**TASK OBJECTIVE:** Given the records underneath, please repeat exactly the lines from the line with "Rusty old vintage" through the line with "A man in a military", passing over any picture.

MATERIAL FOR THE TASK Start Marker

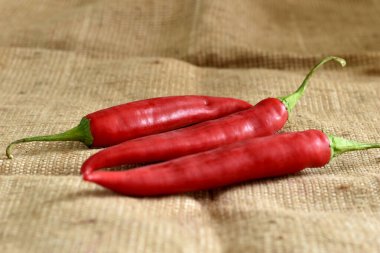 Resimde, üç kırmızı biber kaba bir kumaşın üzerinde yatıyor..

MATERIAL FOR THE TASK End Marker
MATERIAL FOR THE TASK Start Marker

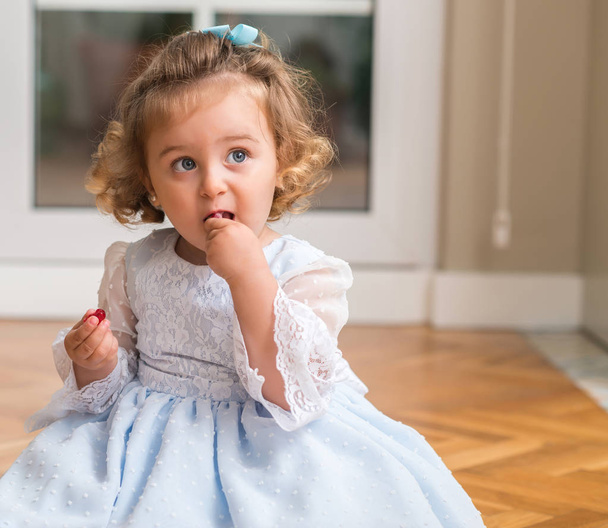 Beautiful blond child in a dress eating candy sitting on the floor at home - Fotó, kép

MATERIAL FOR THE TASK End Marker
MATERIAL FOR THE TASK Start Marker

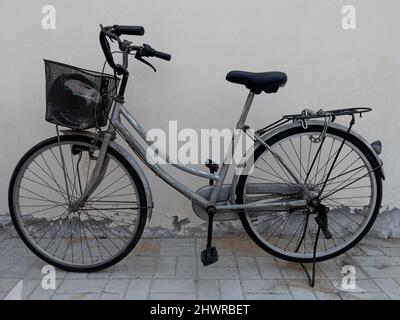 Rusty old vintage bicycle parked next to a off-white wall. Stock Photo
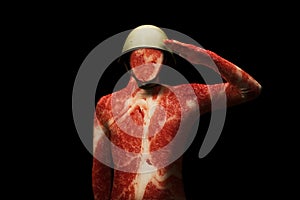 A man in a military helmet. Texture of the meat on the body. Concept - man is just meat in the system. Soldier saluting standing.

MATERIAL FOR THE TASK End Marker

**WRITTEN REPLY:**
 Rusty old vintage bicycle parked next to a off-white wall. Stock Photo
 A man in a military helmet. Texture of the meat on the body. Concept - man is just meat in the system. Soldier saluting standing.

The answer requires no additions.